As you might recall, yesterday was the opening day for a movie that the 17 year old and I have been dying to see. If you don’t recall this (or are a new reader), you’ll want to get the background stories. Click here first, and then here. Go ahead, I’ll wait.
So, we saw it.
Just kidding! I told you I’d keep you posted. Here’s what happened.
I told the younger boy that he could invite a friend or two and go with us to the theater, but to a different movie (obviously). I would have felt like a mean mom, taking the older one to a movie and leaving the younger one home to be all by himself doing nothing, so we all ended up happy.
The older boy drove the five of us to the theater and dropped me and the three 14 year olds off in front, since their movie was starting very soon. We went to the ticket counter and I said, “I need three tickets for ‘Year One’ and two tickets for ‘the movie that shall not be named in this blog post’, please.”
She looked at me over the top of her glasses and said, “Who’s seeing *insert name of the rated R movie here*?”
I answered, “Oh: I am, with my son who is parking the car.”

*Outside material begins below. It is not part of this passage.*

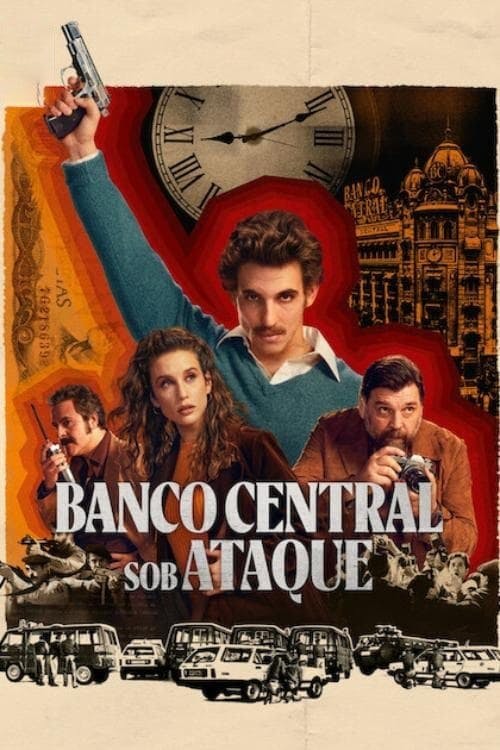 Banco Central sob Ataque poster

She said, “Okay, that’s good. I just wanted to make sure that these younger boys weren’t going in there, because it is GRAPHIC. I sat in on it last night and I truly can’t understand how they got the R rating. It should have been NC-17. It is extremely, um, well, graphic.”

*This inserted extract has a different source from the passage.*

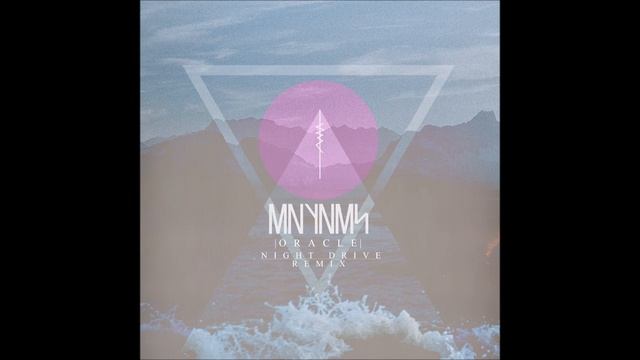 MNYNMS - ORACLE (NIGHT DRIVE REMIX) смотреть онлайн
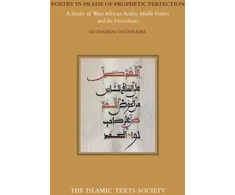KNYGA Oludamini Ogunnaike Poetry in Praise of Prophetic Perfection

While I was thinking in my head, “Oh, you silly lady. You must not have seen this guy’s last movie. Seriously, how much worse could it be?” what I actually said to her was, “Oh, no no no. They’re not going. Thanks!”

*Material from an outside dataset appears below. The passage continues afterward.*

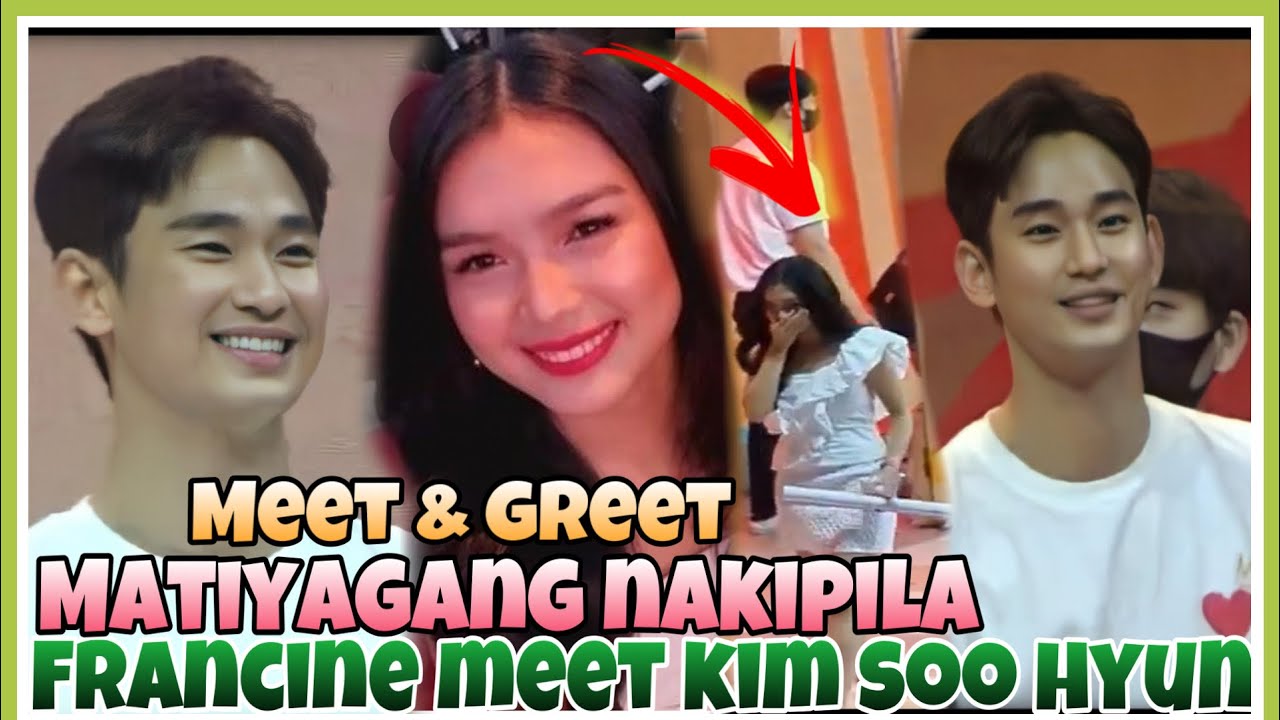 part 6: Francine Diaz fanmode to Kim soo Hyun Meet and greet- matiyang pumila para ma meet si KSH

So we hit the snack stand and then the younger boys went to see their movie. The older boy and I made our way to our theater. We picked out seats near the top and he sat down. I put my purse and my popcorn in the seat two away from him and said, “I’ll be right back. I have to go to the bathroom.”
When I returned, my soda was moved to the holder that was connected to the seat that my purse was inhabiting. I pretended not to notice. I sat down next to him and immediately went to my happy place as I scarfed down my yummy popcorn that was covered in tons of yellow chemicals that I always convince myself is really butter.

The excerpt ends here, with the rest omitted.